### REQUIREMENT
Write out the data word for word, taking care that no picture is carried over.

### COLLECTED MATERIAL
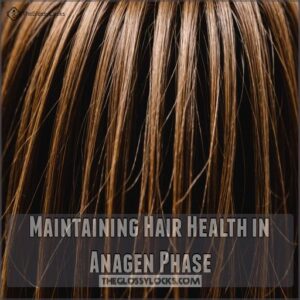 Maintaining Hair Health in Anagen Phase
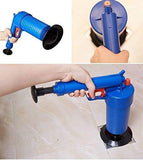 The Best Sink Plunger - Toilet Plunger Kitchen Sink Sewer Dredge Tool,High Pressure Powerful Manual Sink Plunger Opener Cleaner Pump for Kitchen, Bathroom,Dredge Pipe,Sewer Drain Blaster Drain Cleaner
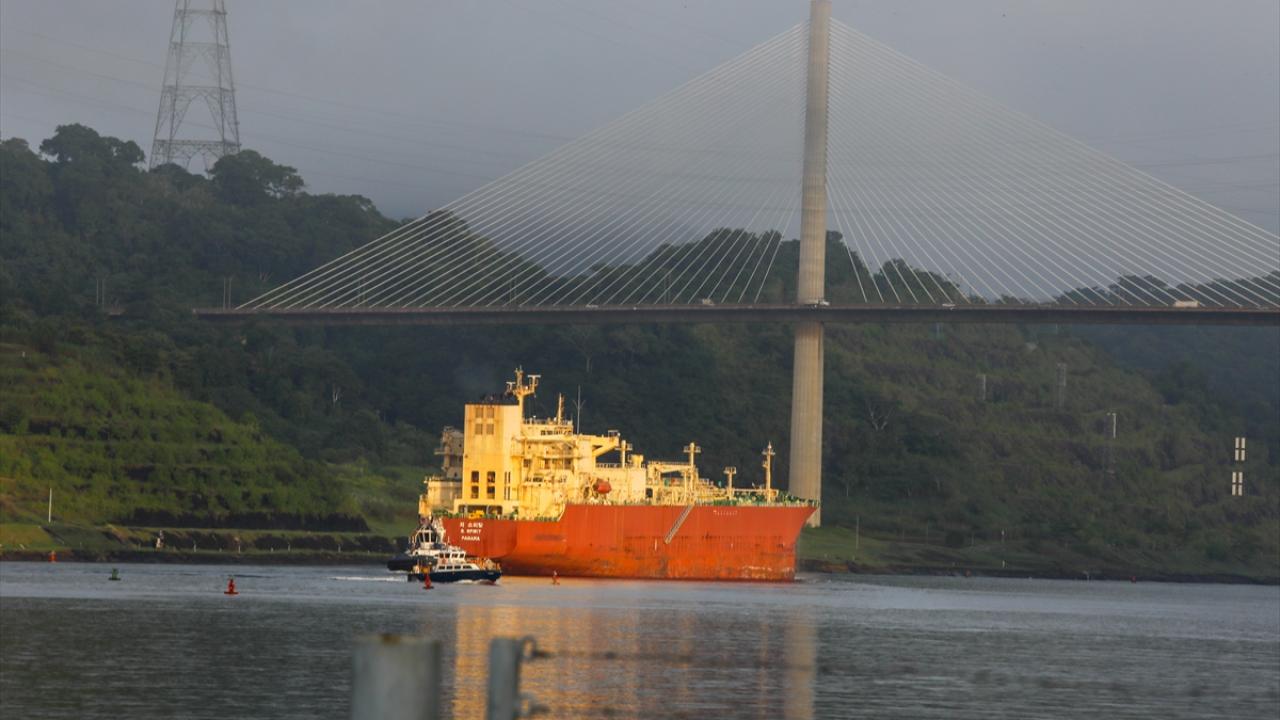 Panama Kanalı'nda El Nino kuraklığı nedeniyle geçişler azaltılıyor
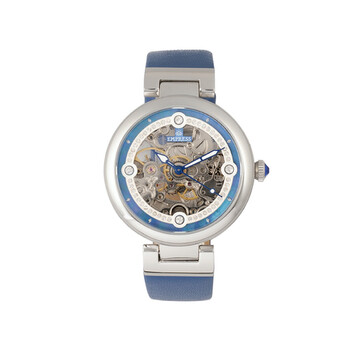 Đồng hồ nữ Empress Adelaide tự động mặt số xanh EMPEM2505 chính hãng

### ANSWER FOR THE TASK
 Maintaining Hair Health in Anagen Phase
 The Best Sink Plunger - Toilet Plunger Kitchen Sink Sewer Dredge Tool,High Pressure Powerful Manual Sink Plunger Opener Cleaner Pump for Kitchen, Bathroom,Dredge Pipe,Sewer Drain Blaster Drain Cleaner
 Panama Kanalı'nda El Nino kuraklığı nedeniyle geçişler azaltılıyor
 Đồng hồ nữ Empress Adelaide tự động mặt số xanh EMPEM2505 chính hãng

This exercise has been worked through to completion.